7.6. Computational Classification

In §6.5.2, “Implementing Categories That Do Not Conform to the Classical Theory” we briefly discussed the use of the machine learning technique known as clustering to create a system of categories for classifying a set of resources or documents for which measures of inter-item similarity can be calculated. Clustering programs do not start with a set of resources that are already classified, making them unsupervised techniques. The categories they create maximize the similarity of resources within a category and maximize the differences between them, but these statistically-designed categories are not always meaningful ones that can be named and used by people. We ended Chapter 6 by suggesting that it is often better to start with a designed classification scheme and then train computers with supervised learning techniques to assign new resources to the categories.

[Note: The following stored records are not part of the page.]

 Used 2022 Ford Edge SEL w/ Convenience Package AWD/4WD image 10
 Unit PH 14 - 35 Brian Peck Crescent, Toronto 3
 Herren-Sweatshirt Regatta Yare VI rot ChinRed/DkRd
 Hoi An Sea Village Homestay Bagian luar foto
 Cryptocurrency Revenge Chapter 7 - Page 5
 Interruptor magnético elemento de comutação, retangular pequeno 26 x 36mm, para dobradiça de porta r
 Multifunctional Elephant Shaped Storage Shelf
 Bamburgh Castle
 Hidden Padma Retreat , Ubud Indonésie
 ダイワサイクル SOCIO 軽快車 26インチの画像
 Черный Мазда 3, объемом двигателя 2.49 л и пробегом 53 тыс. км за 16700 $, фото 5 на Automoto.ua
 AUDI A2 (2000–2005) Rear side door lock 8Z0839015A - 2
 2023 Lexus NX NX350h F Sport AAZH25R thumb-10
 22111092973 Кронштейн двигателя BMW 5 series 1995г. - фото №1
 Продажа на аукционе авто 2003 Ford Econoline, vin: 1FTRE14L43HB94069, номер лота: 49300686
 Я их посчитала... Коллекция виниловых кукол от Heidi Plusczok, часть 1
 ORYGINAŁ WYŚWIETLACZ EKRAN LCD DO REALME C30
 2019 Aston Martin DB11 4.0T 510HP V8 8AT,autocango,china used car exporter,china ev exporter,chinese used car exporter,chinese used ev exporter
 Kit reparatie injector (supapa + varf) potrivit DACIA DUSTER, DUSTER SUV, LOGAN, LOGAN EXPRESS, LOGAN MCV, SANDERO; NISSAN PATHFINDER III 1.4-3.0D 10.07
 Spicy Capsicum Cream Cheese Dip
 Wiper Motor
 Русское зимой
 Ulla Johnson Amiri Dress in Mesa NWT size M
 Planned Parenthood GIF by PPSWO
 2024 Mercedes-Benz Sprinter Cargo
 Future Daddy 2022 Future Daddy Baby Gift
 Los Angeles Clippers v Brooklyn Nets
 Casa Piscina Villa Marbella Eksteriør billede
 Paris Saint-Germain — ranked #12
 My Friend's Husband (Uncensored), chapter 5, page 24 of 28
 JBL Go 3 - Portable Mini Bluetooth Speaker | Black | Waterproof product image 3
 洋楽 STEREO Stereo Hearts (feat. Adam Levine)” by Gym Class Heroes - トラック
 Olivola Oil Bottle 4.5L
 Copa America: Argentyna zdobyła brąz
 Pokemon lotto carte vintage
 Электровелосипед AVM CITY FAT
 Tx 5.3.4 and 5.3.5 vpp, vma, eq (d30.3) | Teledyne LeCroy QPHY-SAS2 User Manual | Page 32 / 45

Because of its importance, ubiquity, and ease of processing by computers, it should not be surprising that a great many computational classification problems involve text. Some of these problems are relatively simple, like identifying the language in which a text is written, which is solved by comparing the probability of one, two, and three character-long contiguous strings in the text against their probabilities in different languages. For example, in English the most likely strings are “the”, “and”, “to”, “of”, “a”, “in”, and so on. But if the most likely strings are “der”, “die”, “und”, and “den” the text is German and if they are “de”, “la”, “que”, “el”, and “en” the text is Spanish.

More challenging text classification problems arise when more features are required to describe each instance being classified and where the features are less predictable. The unknown author of a document can sometimes be identified by analyzing other documents known to be written by him to identify a set of features like word frequency, phrase structure, and sentence length that create a “writeprint” analogous to a fingerprint that uniquely identifies him. This kind of analysis was used in 2013 to determine that Harry Potter author J. K. Rowling had written a crime fiction novel entitled The Cuckoo's Calling under the pseudonym Robert Galbraith.434a[Com]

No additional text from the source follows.